Short-term hormone therapy slows prostate cancer
NEW YORK (Reuters Health) - New research suggests that two months of "androgen deprivation" therapy, which reduces levels of the androgen, a male hormone, can help slow the growth of locally advanced prostate cancer when given before and during radiotherapy. Plus, the short course of androgen deprivation therapy does not increase the risk of death from cardiovascular disease, which had been a concern.
"The benefits of short-term hormonal therapy for men receiving radiation therapy for prostate cancer far outweigh the risks," lead author Dr. Mack Roach, from the University of California at San Francisco, said in a statement.
As reported in the Journal of Clinical Oncology, the researchers assessed the outcomes of 456 men with prostate cancer who were randomly assigned to receive radiotherapy alone or in combination with androgen deprivation therapy.
The androgen deprivation therapy included goserelin (every 4 weeks) and flutamide (3-times daily) given before and during radiotherapy.
The overall survival rates after 10 years were 43 percent with the combination regimen and 34 percent with radiotherapy alone; the corresponding average survival times were 8.7 and 7.3 years.

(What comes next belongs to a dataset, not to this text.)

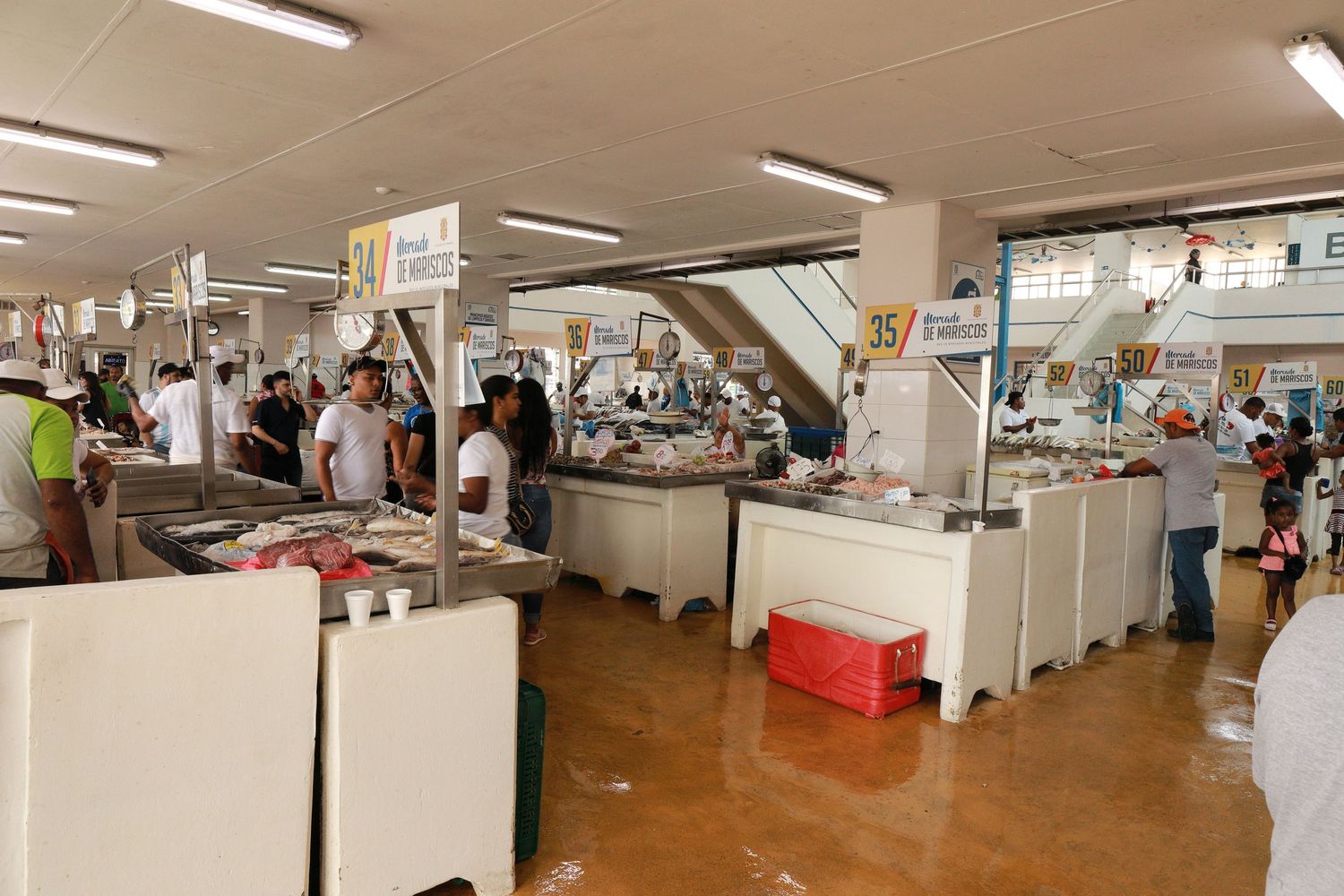 Wide view of an indoor market hall with multiple vendor stalls and shoppers.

Still, the authors point out that none of these differences were statistically significant.
The combination therapy, however, did result in a statistically significant improvement in mortality from prostate cancer after 10 years, at 23 percent compared with 36 percent in the radiation therapy-only group.

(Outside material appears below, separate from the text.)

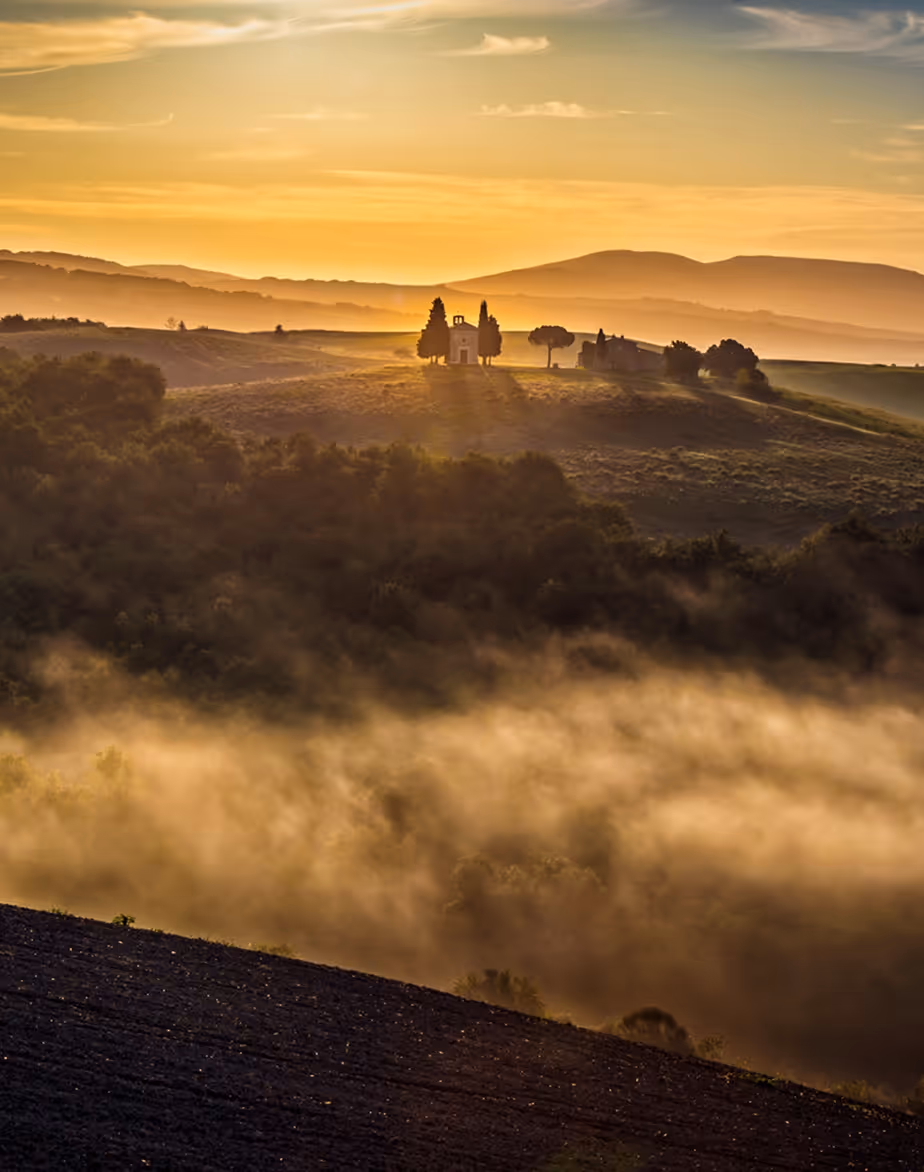 Sunrise over misty hills with a small chapel and trees on a ridge in warm golden light.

The rates of metastatic disease -- cancer spread to distant parts of the body -- (35 percent vs. 47 percent) and disease-free survival (11 percent vs. 3 percent) were also significantly improved in the combination therapy group.
Furthermore, adding androgen deprivation therapy to radiotherapy did not increase the risk of death from cardiovascular disease, the findings indicate.
"While four months of hormonal therapy isn't enough to cause significant side effects, we found that it can delay the development of bone metastasis by as many as 8 years, which is very significant," Roach stated.